> [TASK TO COMPLETE]
Return exactly the lines below, starting with the one that has "AVIREX/アヴィレックス" and going on through the one that has "Sweat à capuche".

═══ INFORMATION PROVIDED

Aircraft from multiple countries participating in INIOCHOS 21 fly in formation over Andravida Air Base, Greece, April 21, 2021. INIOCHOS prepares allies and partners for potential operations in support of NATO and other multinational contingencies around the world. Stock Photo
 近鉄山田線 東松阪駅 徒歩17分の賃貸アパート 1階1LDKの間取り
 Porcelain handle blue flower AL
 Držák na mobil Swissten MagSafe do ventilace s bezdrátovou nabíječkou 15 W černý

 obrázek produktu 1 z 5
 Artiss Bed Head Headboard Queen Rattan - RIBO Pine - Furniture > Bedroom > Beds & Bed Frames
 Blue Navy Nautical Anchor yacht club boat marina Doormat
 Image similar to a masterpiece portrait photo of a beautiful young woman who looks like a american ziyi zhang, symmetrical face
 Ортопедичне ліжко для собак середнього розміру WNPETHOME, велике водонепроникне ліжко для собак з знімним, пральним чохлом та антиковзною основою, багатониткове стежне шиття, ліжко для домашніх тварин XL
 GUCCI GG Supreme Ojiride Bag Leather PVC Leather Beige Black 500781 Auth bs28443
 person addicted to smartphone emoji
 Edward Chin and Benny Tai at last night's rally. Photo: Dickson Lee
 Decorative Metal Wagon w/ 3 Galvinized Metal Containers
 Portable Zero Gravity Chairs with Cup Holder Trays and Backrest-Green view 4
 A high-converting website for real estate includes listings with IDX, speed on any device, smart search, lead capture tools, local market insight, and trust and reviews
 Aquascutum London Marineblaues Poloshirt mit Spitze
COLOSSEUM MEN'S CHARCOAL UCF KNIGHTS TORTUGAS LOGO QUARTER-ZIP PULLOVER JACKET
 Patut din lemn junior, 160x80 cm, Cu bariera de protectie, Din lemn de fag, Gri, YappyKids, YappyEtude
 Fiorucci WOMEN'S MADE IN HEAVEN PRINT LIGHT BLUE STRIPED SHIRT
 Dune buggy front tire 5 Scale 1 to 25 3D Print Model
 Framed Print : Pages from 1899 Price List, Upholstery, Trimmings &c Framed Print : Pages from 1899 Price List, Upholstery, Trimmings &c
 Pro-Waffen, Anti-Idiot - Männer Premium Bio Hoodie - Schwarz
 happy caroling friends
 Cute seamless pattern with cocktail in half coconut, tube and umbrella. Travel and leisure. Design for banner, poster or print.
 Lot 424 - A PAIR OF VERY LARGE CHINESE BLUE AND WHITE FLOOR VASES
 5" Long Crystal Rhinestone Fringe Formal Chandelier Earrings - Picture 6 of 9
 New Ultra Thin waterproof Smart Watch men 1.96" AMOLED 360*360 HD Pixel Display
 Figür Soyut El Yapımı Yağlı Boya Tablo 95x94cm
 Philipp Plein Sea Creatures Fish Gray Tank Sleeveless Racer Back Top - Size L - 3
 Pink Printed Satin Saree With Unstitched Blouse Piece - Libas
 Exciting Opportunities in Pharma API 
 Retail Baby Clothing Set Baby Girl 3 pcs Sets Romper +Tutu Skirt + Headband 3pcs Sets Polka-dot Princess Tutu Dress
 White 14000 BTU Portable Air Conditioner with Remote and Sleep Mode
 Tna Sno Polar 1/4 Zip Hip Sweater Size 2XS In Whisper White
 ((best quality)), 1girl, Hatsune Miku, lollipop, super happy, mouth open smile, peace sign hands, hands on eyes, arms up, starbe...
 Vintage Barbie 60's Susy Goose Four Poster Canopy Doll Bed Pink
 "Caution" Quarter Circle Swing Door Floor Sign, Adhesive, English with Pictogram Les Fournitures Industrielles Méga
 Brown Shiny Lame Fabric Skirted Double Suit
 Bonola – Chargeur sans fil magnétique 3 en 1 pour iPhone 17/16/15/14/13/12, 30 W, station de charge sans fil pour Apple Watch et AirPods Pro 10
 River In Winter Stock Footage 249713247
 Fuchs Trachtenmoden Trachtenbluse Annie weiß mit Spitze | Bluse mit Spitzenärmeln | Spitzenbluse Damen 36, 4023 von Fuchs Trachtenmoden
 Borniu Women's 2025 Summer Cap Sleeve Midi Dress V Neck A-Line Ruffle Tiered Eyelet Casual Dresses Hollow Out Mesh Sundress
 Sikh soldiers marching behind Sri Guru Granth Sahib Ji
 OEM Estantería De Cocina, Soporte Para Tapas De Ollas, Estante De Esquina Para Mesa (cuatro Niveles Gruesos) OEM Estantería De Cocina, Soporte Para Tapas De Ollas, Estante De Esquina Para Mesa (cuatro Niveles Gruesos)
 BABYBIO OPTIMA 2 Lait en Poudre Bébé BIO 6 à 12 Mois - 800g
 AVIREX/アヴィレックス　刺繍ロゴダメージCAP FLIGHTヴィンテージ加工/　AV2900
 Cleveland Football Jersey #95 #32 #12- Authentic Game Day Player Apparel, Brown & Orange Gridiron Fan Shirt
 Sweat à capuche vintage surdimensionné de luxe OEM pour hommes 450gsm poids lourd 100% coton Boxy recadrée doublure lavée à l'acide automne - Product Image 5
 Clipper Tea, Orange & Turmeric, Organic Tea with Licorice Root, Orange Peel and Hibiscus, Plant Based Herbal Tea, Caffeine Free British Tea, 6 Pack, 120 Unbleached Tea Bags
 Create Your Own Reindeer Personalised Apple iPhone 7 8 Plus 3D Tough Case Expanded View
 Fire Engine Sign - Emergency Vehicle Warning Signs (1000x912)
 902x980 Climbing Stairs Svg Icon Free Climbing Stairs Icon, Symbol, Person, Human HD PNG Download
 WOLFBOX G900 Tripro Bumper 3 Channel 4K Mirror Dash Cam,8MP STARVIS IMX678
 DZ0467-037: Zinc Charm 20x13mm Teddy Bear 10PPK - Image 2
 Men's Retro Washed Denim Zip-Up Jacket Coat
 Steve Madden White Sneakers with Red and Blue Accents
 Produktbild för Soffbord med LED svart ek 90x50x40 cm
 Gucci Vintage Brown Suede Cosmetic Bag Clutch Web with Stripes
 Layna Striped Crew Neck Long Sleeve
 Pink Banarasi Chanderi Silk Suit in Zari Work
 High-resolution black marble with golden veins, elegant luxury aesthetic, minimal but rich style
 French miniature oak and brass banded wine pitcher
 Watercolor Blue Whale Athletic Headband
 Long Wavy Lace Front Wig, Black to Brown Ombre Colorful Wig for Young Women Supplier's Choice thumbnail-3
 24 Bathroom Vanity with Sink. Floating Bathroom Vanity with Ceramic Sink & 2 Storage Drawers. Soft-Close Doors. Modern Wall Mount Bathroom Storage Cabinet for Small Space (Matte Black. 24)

══════

> [RESPONSE BOX]
 AVIREX/アヴィレックス　刺繍ロゴダメージCAP FLIGHTヴィンテージ加工/　AV2900
 Cleveland Football Jersey #95 #32 #12- Authentic Game Day Player Apparel, Brown & Orange Gridiron Fan Shirt
 Sweat à capuche vintage surdimensionné de luxe OEM pour hommes 450gsm poids lourd 100% coton Boxy recadrée doublure lavée à l'acide automne - Product Image 5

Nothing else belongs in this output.